James H. Anderson, assistant defense secretary for strategy, plans, and capabilities, said at the conference that arms control needs to include verification and enforcement provisions. Based on China's missile and nuclear buildup, "it is altogether fitting and legitimate to seek to include them and bring them to the table with Russia as the president has articulated," Anderson said.

Thomas Dinanno, a deputy assistant secretary of state involved in arms control, said effective arms control requires willing partners who can be trusted.

For the United States, "compliance with the provisions of existing and future arms control agreements is essential to their success, and therefore to national security," Dinanno said.

U.S. national laboratories are working on new technologies designed to assist in verifying future arms agreements, he said.

Morrison said the Russians have refused to discuss the threatening new strategic arms and as a result "we've got to establish whether or not the Russians are interested in extending the treaty."

"But I think the higher priority is to look at the totality of the Russian and the Chinese [nuclear forces] programs because we have so much time left on the clock for a New START and figure out can we get to an arms control agreement that covers more of the systems that threaten the United States, not just the systems that Russia, for example, wants to talk about," he said.

Chinese statements opposing participation in arms talks does not mean Beijing cannot be persuaded to join negotiations in the future.

"From our perspective, we look at the Chinese words, and if the Chinese are truthful about their objectives, if they are interested in a minimum deterrent policy, if they truly have a no-first-use policy, if they are interested in being a responsible, global stakeholder, then they'll be interested in talking to us about arms control," Morrison said.
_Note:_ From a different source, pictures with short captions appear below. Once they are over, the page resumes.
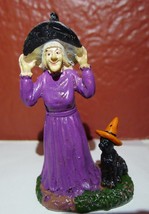 Lemax Spooky Town Witch Purple Dress and Black Cat Old Witch Figurine - £18.00 GBP
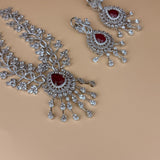 Ruby Blossom American Diamond Necklace Set - Suramya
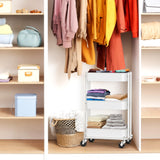 Simple Houseware 3-Tier Compact Utility Rolling Cart, Low 24” Height Fits Under Desk, Space-Saving Storage for Home Office, Dining Room, or Kitchen, White Simple Houseware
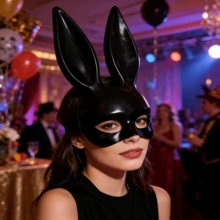 Bộ 2 mặt nạ thỏ bóng loáng, thích hợp cho trang phục đi hộp đêm, tiệc Halloween và các dịp khác. - A - Xem 6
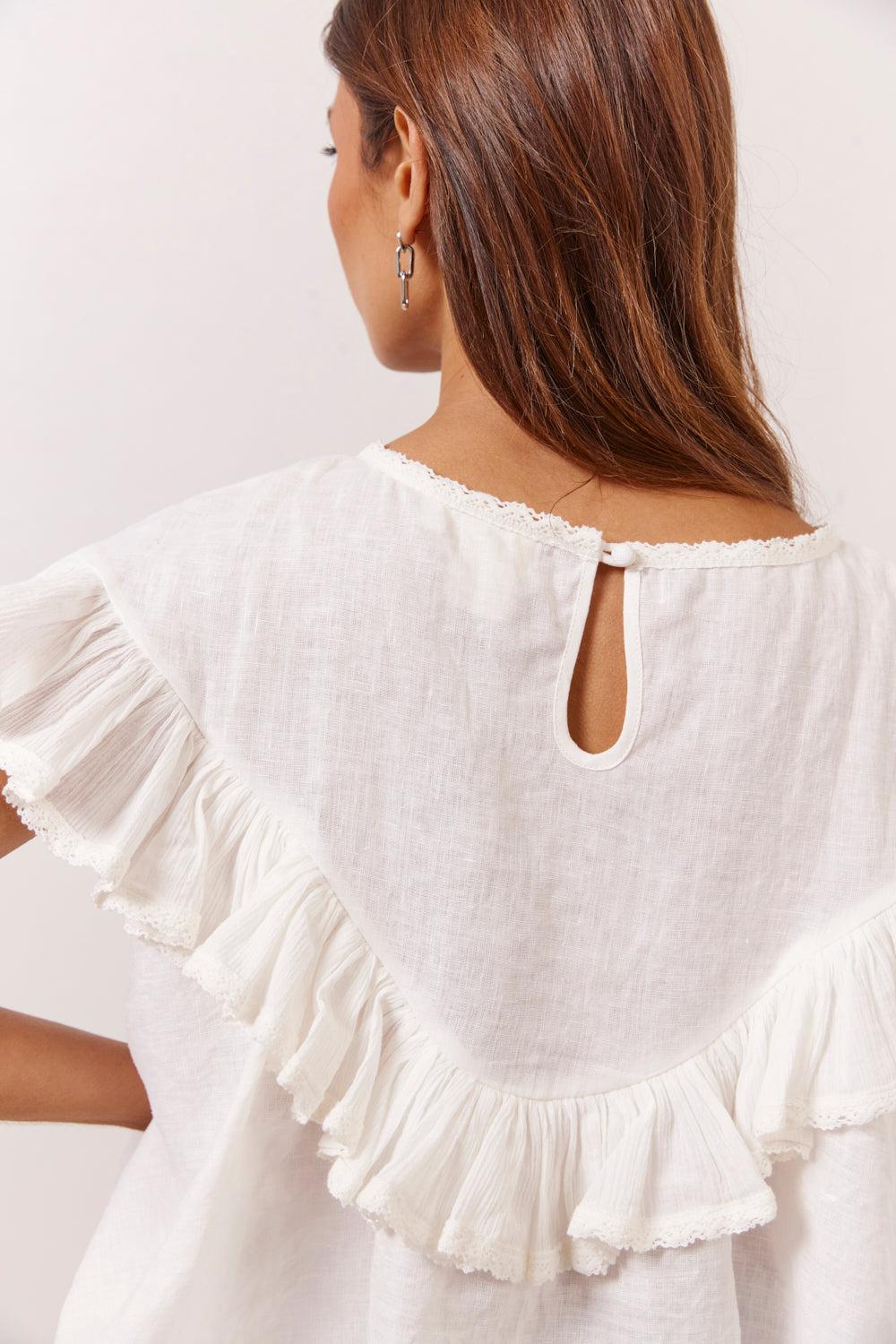 Viola Linen Tunic White Product Image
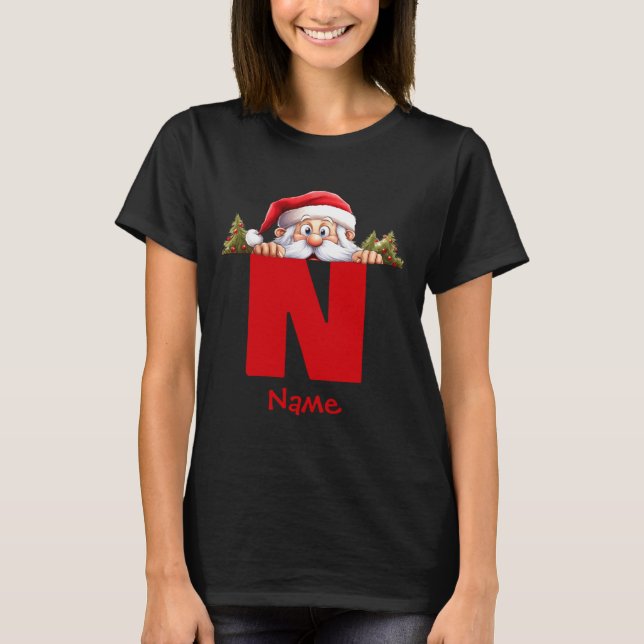 Funny Monogram Family Christmas Red Santa  T Shirt (Framsida)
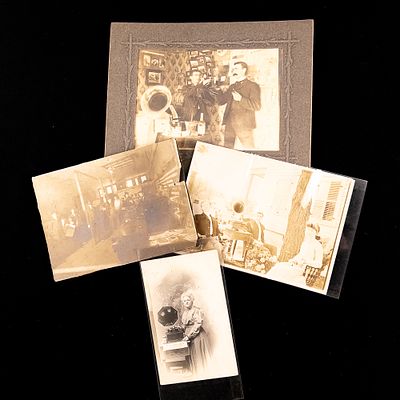 Phonograph Interest Photos & RPPC. This is a fantastic lot of four early 20th-century 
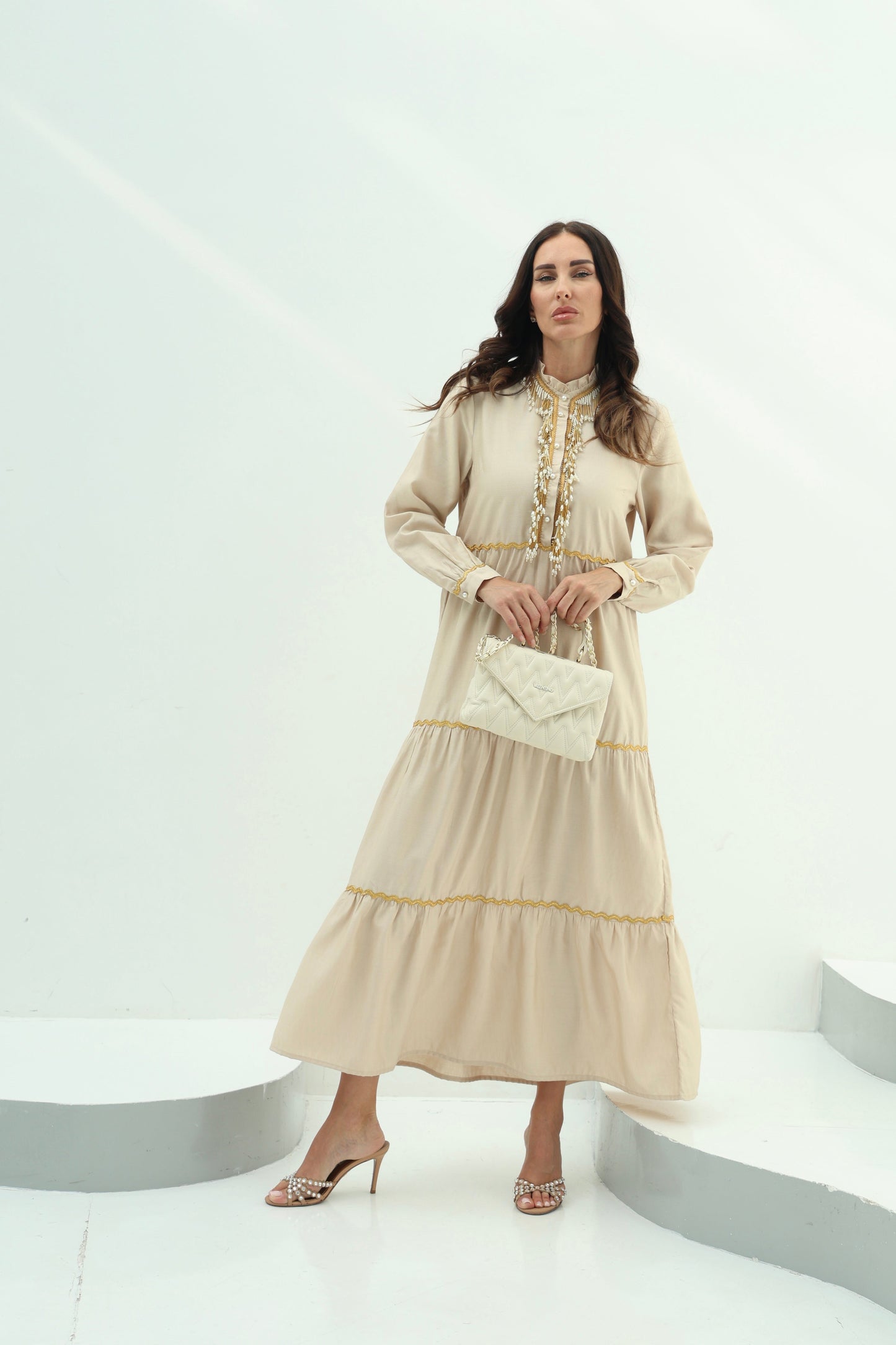 Blended Linen Biege Linen-Blend Embroidered Dress – Biege Design featuring biege multi-layered a-line dress featuring a ruffl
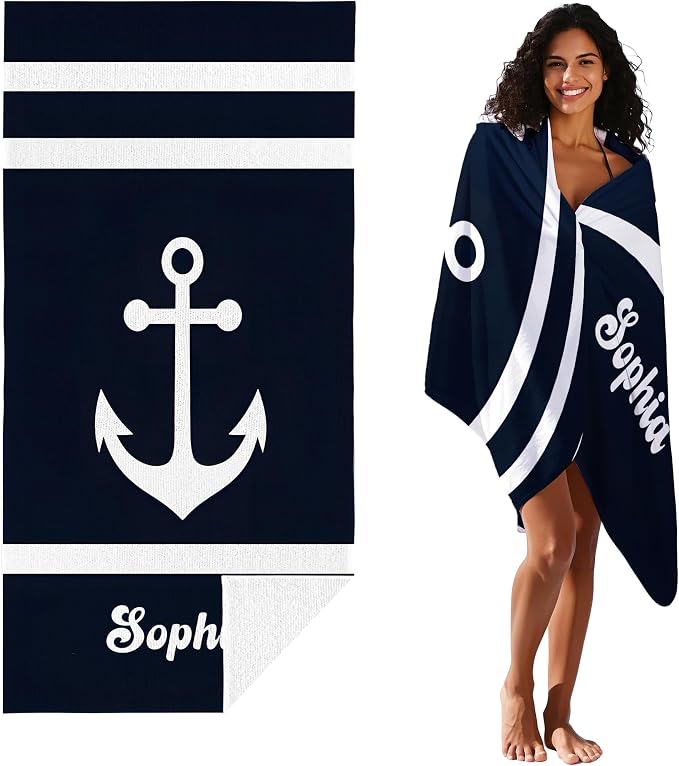 JML Personalized Beach Towel with Name, Custom Anchor Beach Towel, Customized Microfiber Pool Towel, Quick Dry & Absorbent Swim Towel for Adult,Anniversary, Birthday, Summer Holiday,Vacation - Image 2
China has been a major proliferator of nuclear weapons, providing Pakistan with nuclear weapons design and production capabilities that were then covertly transferred to Iran, North Korea, and Libya. The cooperating violated the Nuclear Non-proliferation Treaty yet China was never held to account for the nuclear proliferation.

Chinese mobile missile launchers also were sold to North Korea and are now used for transporting and launching North Korean ICBMs.
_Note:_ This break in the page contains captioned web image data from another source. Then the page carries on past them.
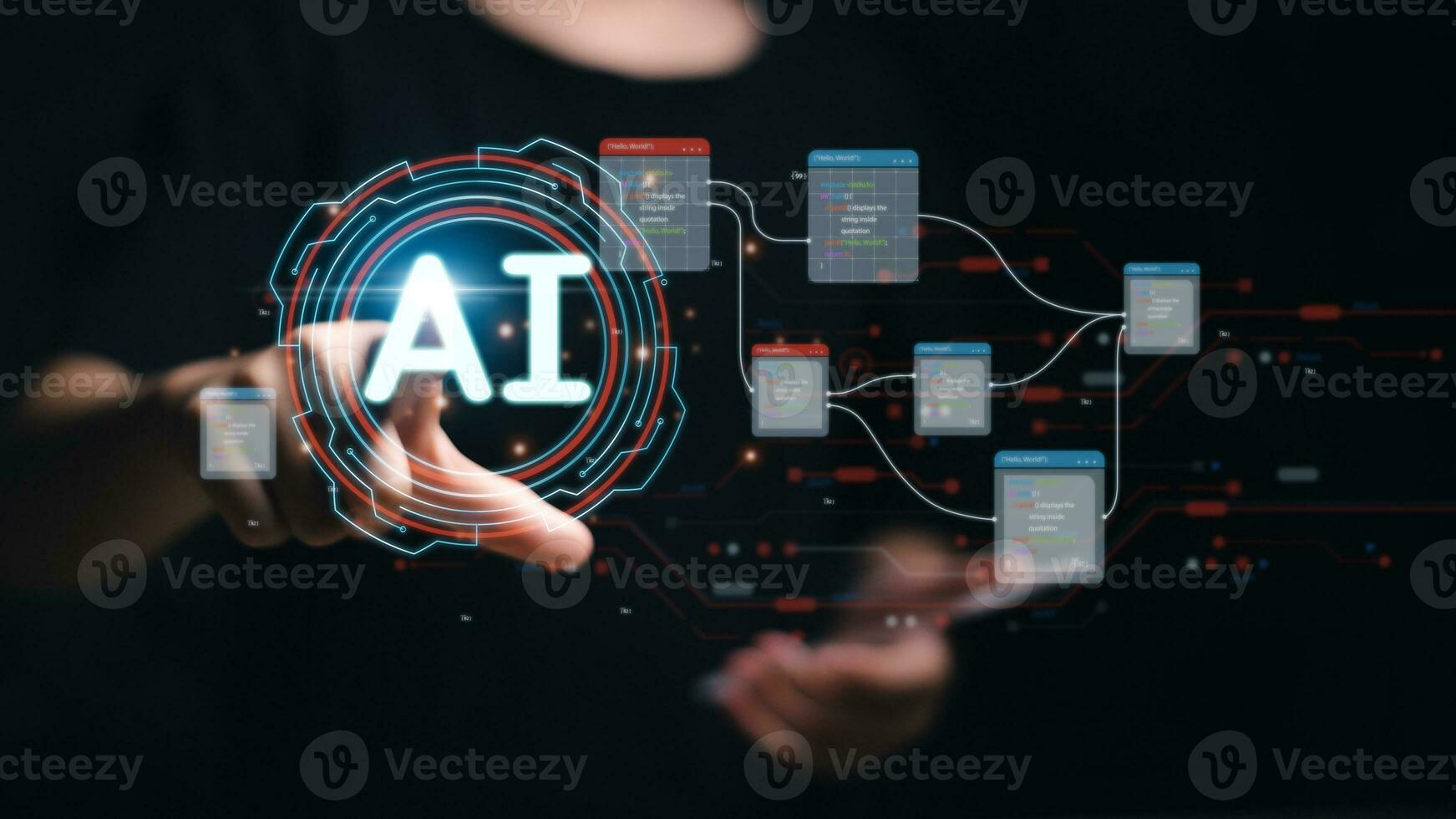 ai Aprendendo máquina tecnologia conceito. ai desenvolvimento para Socorro trabalhar, ai Aprendendo e especialista artificial inteligência para o negócio análise, moderno tecnologia, Internet e trabalho em rede tecnologia. foto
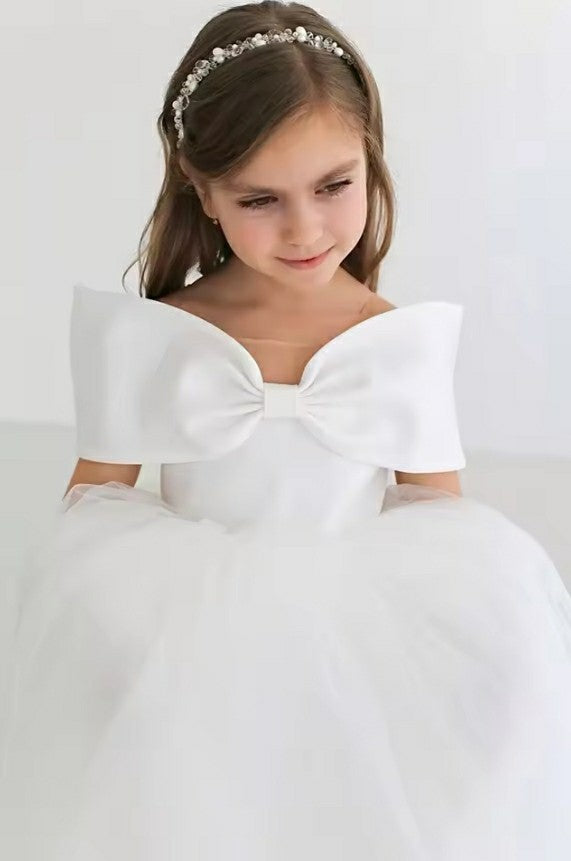 TinyTulle Elegant Ivory Off-the-Shoulder Wedding Flower Girl Dress with Bow Detail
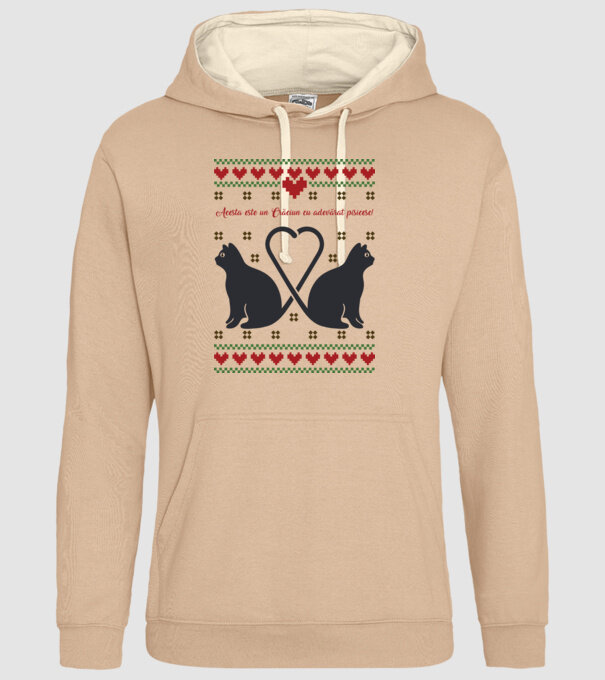 acesta este un Crăciun cu adevărat pisicesc model nisipiu pe tricou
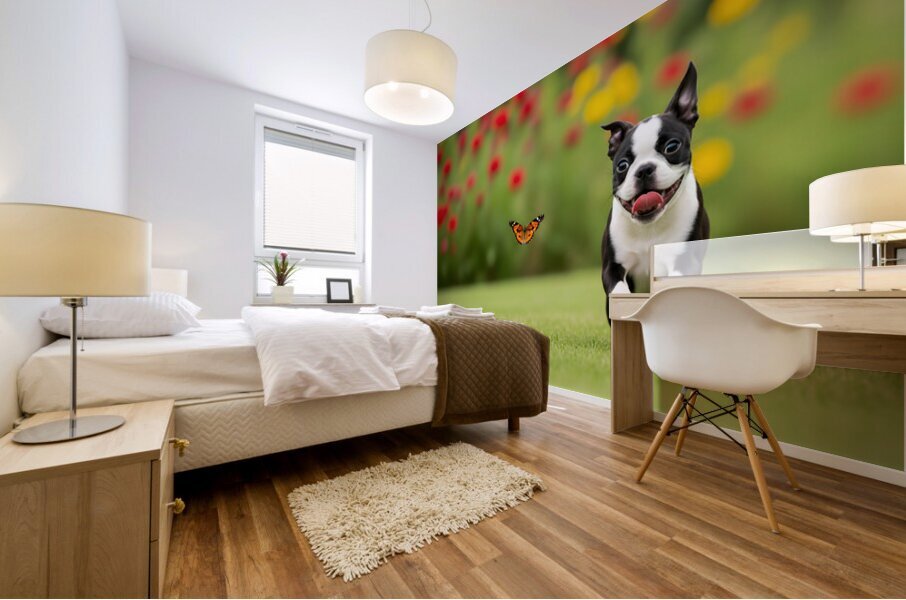 Boston Terrier Puppy And Butterfly Rest Together In Garden Mural print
Morrison also said Trump is unlikely to agree to New START extension without including curbs on Russia's estimated 2,000 non-strategic nuclear weapons.

Also, solely limiting nuclear missiles is not good arms control, he said.

"What sense does it make to limit a Russian submarine launched ballistic missile that could range [the continental United States] from a submarine platform but not to limit a Russian sea launch cruise missile that could arrange [the continental United States] from a submarine platform?" Morrison said.

"That's what we do right now. Under the New START Treaty, we limit submarine launched ballistic missiles, but we've excluded Russian Sea launch cruise missiles. That just doesn't continue to make sense and we watched the Russians exploit those loopholes."